*Task instructions:*
Nothing but the pictures should go missing; return all the entries below exactly.

*Given data:*
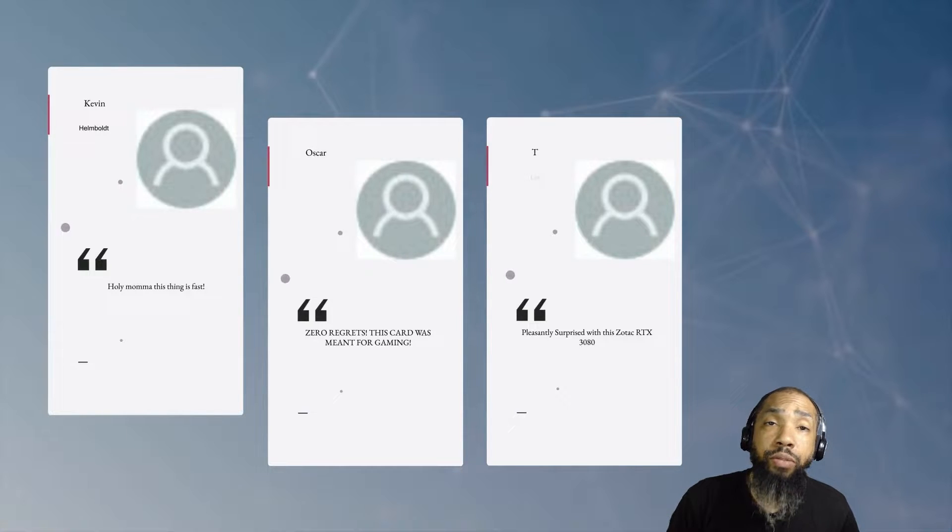If you're interested in shopping, seeing some prices, or looking at more detailed specs, there's an Amazon link below. You can use your Prime account to order one, and I encourage you all to check it out.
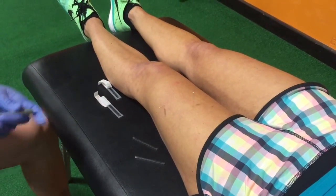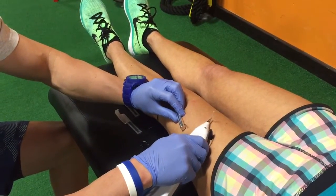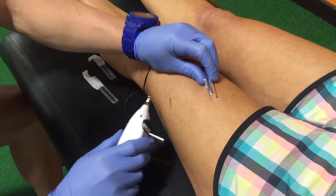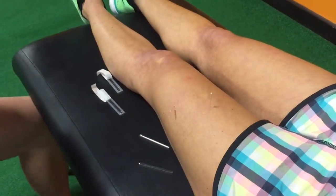Next step — take the e-stim unit and we're going to get a little bit of a muscle twitch out of it. You can see the vastus lateralis twitch response, and we're going to switch these two up. You're going to see the muscles going again. Quick and easy.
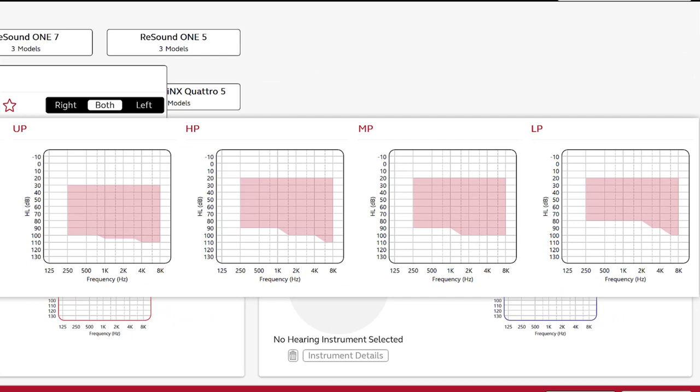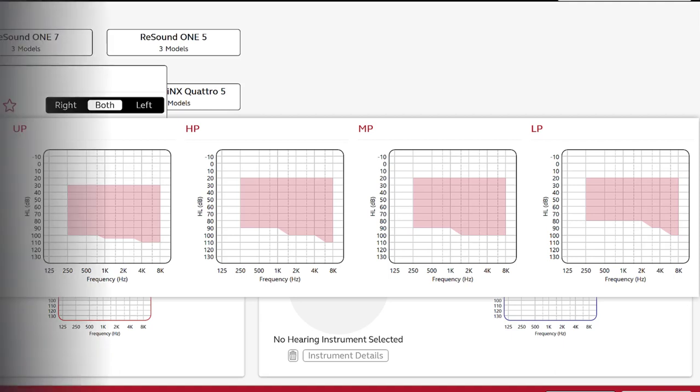You also have a standard receiver option that comes in low power, medium power, high power, and even ultra power, if for whatever reason the MARIE receiver does not work for you or your hearing loss is too severe. So why would you even want to place a microphone on the back of a receiver inside of your ear canal? The answer is the pinna effect.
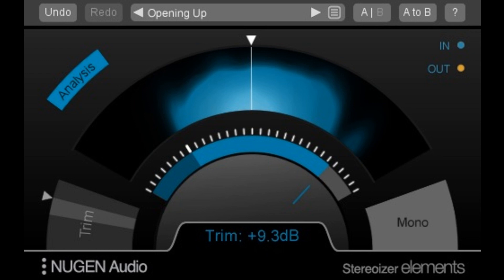Ideal for restoration projects, StereoPlacer Elements allows users to fix poor recordings, reposition complex audio, and reconstruct the stereo image from a mono source. With just simple position selection, users can fine-tune each band into specific frequencies and move the frequency content around in the stereo soundstage,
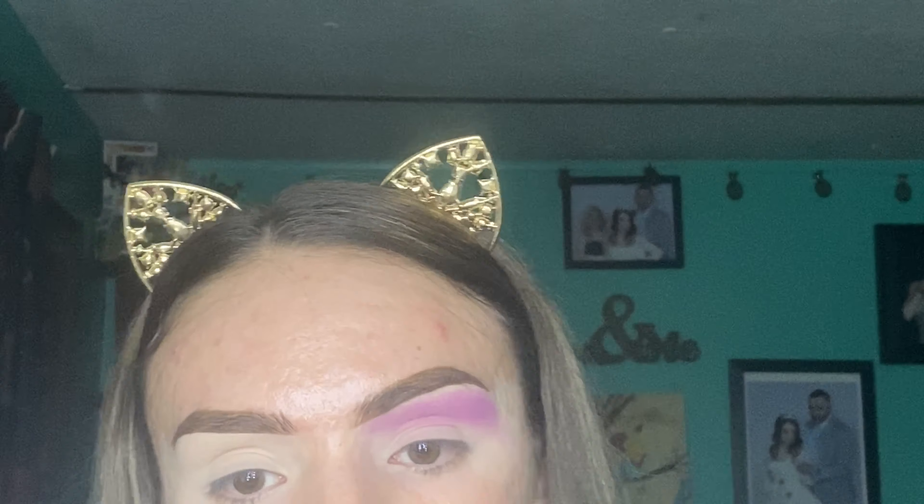The brush I am using to blend my shadow is just a brush from Eco Beauty. Now I am starting with my second eyeshadow, which is called Love That, and I will be using the Morphe x Jaclyn Hill JH33 brush to blend that out.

*Answer space:*
If you're interested in shopping, seeing some prices, or looking at more detailed specs, there's an Amazon link below. You can use your Prime account to order one, and I encourage you all to check it out.
Next step — take the e-stim unit and we're going to get a little bit of a muscle twitch out of it. You can see the vastus lateralis twitch response, and we're going to switch these two up. You're going to see the muscles going again. Quick and easy.
You also have a standard receiver option that comes in low power, medium power, high power, and even ultra power, if for whatever reason the MARIE receiver does not work for you or your hearing loss is too severe. So why would you even want to place a microphone on the back of a receiver inside of your ear canal? The answer is the pinna effect.
Ideal for restoration projects, StereoPlacer Elements allows users to fix poor recordings, reposition complex audio, and reconstruct the stereo image from a mono source. With just simple position selection, users can fine-tune each band into specific frequencies and move the frequency content around in the stereo soundstage,
The brush I am using to blend my shadow is just a brush from Eco Beauty. Now I am starting with my second eyeshadow, which is called Love That, and I will be using the Morphe x Jaclyn Hill JH33 brush to blend that out.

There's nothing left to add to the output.